Enter Andy Warhol. Working under the presumption that media saturation had become our most recognizable shared experience, Warhol played with Walter Benjamin’s conception of artistic authenticity in the age of technological reproduction, intuiting that everything seeks its highest reality in print or on film — what DeLillo has called “floating an image free of history.” The iconography of Warhol’s Pop Art — Mao, Marilyn, Elvis, the endless cans of Campbell’s soup — is immediately grasped by anyone living through consumer society as a new kind of image-alphabet. Rather than a single representative work, it is Warhol’s oeuvre taken together that becomes a kind of surrogate text, a surrogate novel. If the aim of the Great American Novel is to seize on a particular feeling, a sensation of life that condenses the American experience, Warhol’s images — somewhere between art and acknowledgement — capture a reality extant from Chicago project to Orange County bubble, from rural farmland to urban neighborhood, from migrant family to upwardly mobile technocrat. Using the visual language of an entrenched, sprawling popular culture, Warhol peered beneath the American subconscious and found it garish, narcissistic, hyper-imaged, technologized, and repetitive. In a sense, he sold us to ourselves.

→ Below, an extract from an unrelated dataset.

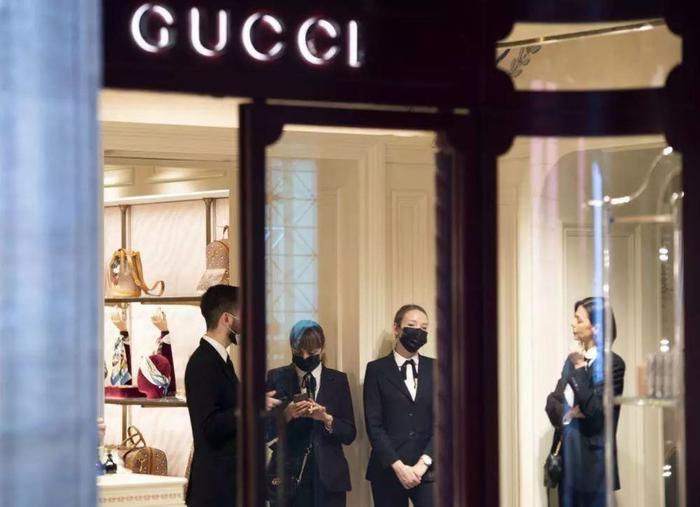Gucci 门店内戴口罩工作的员工图片来源:网络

With globalization reaching its fullest realization, mass culture has become broader if not deeper. We live in a time of selfie sticks, virality, surveillance (and its attendant imagery), data as commodity, terrorism, ad exhaustion, device envy, memes, freemium apps, productivity solutions, and “content” rather than text. Warhol’s intuition proved prophetic. His novel grows with every Coke can, cronut, and Kardashian cover, a ponderous and self-replicating tome. Still, it isn’t so much that the traditional novel is dead or dying — hell, I’m writing one (and you probably are, too); rather, it’s the concept of the Great American Novel that, I feel, requires refinement, maybe even dismissal. The moral crises of the global village, the effect of technology on inwardness, the social cost of our app-mediated relationships — these (and countless other issues) are neither uniquely American nor exclusively earmarked for novelistic treatment. The novel, as always, must fight for purchase and relevance in the clamor of our techno-cultural babel; as such, perhaps we need fewer Great American Novels and more great novels — that is, books more concerned with glorious, horrifying contemporaneity than outmoded, self-conscious myth baiting.

To wax Warholian, the Great American Novel’s fifteen minutes may be up.